In the next 12 months, I will be conducting interactive study groups via video conference calls (live and recorded) to provide practitioners with an opportunity to explore the body of knowledge that illuminates the impacts of prenatal development and experience over the life span. The discussions will focus on selected topics from my book including: (a) the critical impacts of the prenatal and early postnatal periods on physical, emotional, cognitive and social development; (b) the impacts of preconception and prenatal stress, traumatic stress and loss on mothers-to-be and their offspring, including transgenerational effects; and (c) how health and mental health practitioners can best support parents-to-be in creating a nurturing environment for themselves and their babies before and after birth.

I will continue to disseminate this knowledge through publications and presentations to individuals and professionals. It is my hope that awareness of this rapidly expanding body of interdisciplinary knowledge will motivate us to reach across the artificial boundaries that separate academic disciplines, compartmentalized medical specialties and therapeutic approaches. We must come together with compassionate hearts to cultivate nurturing environments for women and girls, their developing children, and the individuals in their lives who support them during this crucial period, for the sake of current and future generations and the health of our planet.

References

Porges, S. W. (2004). Neuorception: A subconscious system for detecting threats and safety. Zero to Three, 24, 19–24.
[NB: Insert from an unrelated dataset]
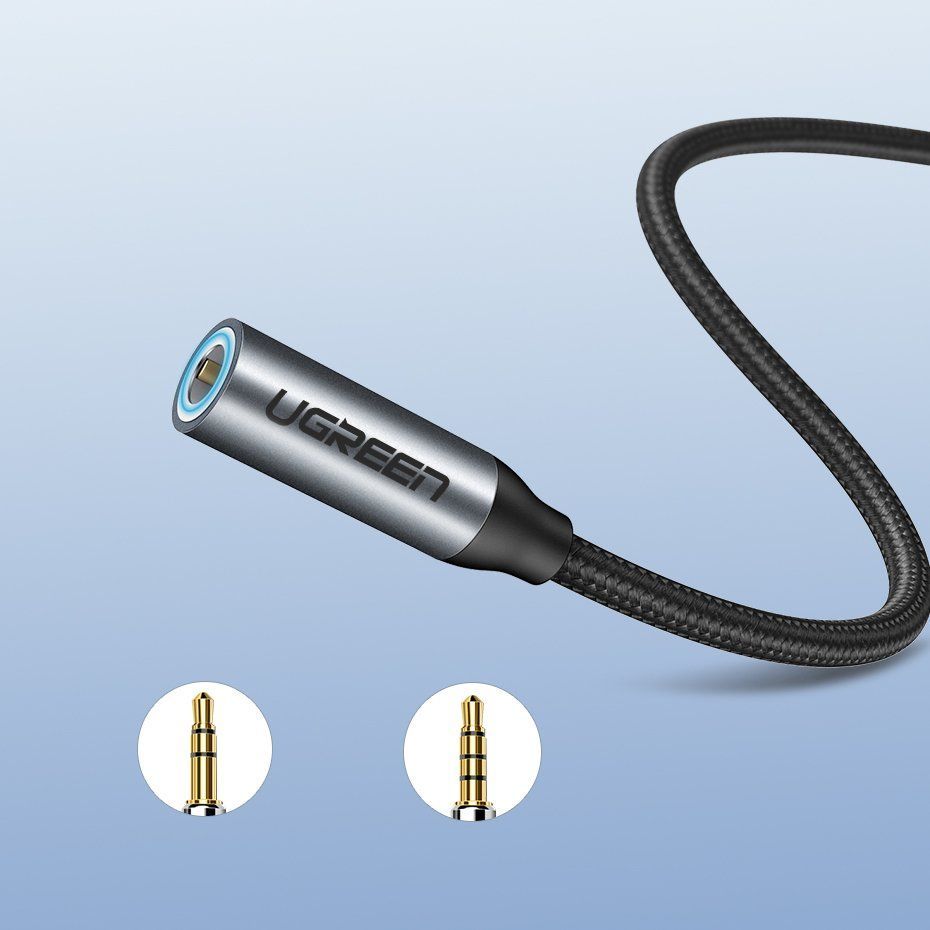 Адаптер Ugreen  Ugreen Headphone Adapter with 3.5mm mini jack to USB Type C 10cm gray (30632)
Sandman, C. A., & Davis, E. P. (2012). Neurobehavioral risk is associated with gestational exposure to stress hormones. Expert Review of Endocrinology and Metabolism, 7, 445–459. doi:10.1586/eem.12.33

Shonkoff, J. P., Boyce, W. T., & McEwen, B. S. (2009). Neuroscience, molecular biology, and the childhood roots of health disparities: Building a new framework for health promotion and disease prevention. Journal of the American Medical Association, 301, 2252–2259. doi:10.1001/jama.2009.754

Thomson, P. (2007). “Down will come baby”: Prenatal stress, primitive defenses and gestational regulation. Journal of Trauma and Dissociation, 8, 85–113. doi:10.1300/J229v08n03_05

Wadhwa, P. D., Entringer, S., Buss, C., & Lu, M. C. (2011). The contribution of maternal stress to preterm birth: Issues and considerations. Clinics in Perinatology, 38, 351–384. doi:10.1016/j.clp.2011.06.007

Weinstein, A. D. (2016). Prenatal Development and Parents’ Lived Experiences: How Early Events Shape our Psychophysiology and Relationships [Norton Series on Interpersonal Neurobiology]. New York, NY: Norton.